# Cosmos Post-training

In the [Cosmos paper](https://research.nvidia.com/publication/2025-01_cosmos-world-foundation-model-platform-physical-ai), we discuss several post-training examples of Cosmos pre-trained World Foundation Models (WFMs) for various Physical AI tasks, including

- General Post-Training: Fine-tune the WFM to generate a target distribution of videos based on the custom dataset.
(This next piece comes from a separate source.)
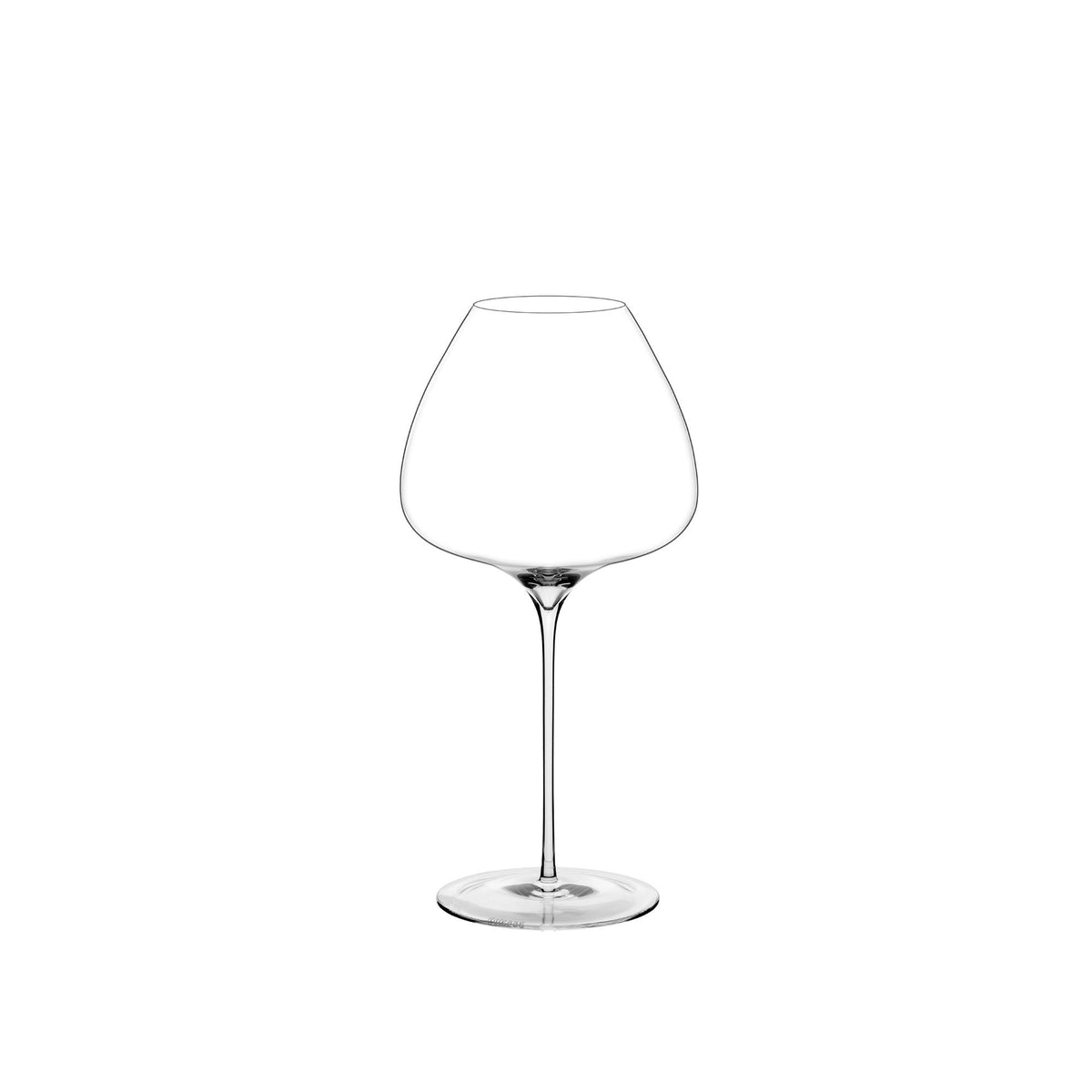 Italesse Trilogy 75 Leggerissimi champagneglas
The target distribution could include a specific camera spec or a specific domain such as a factory.
- Instruction Control: Post-trains models for robotic manipulation to predict videos based on textual instructions, enabling robots to visually simulate tasks like folding clothes or picking up objects.
- Action Control: Post-trains models for robotic manipulation to predict the next visual frame based on action vectors, simulating robotic tasks like object handling or movement planning.
- Camera Control: Adds camera pose conditioning to generate 3D-consistent video simulations from single images, enabling joystick-like navigation in virtual environments.
- Multi-View Generation: Post-trains models for autonomous vehicles to generate synchronized multi-view videos from text prompts, simulating driving scenarios with multiple camera perspectives.
- Multi-View Generation with Vehicle Trajectory Control: Extends multi-view generation by incorporating trajectory inputs, enabling precise simulation of driving environments for autonomous vehicles, adhering to specified paths.
- Changing the Video Tokenizer: Post-train the WFM to adapt to a new tokenizer. e.g. from 8x8x8 to 4×8×8.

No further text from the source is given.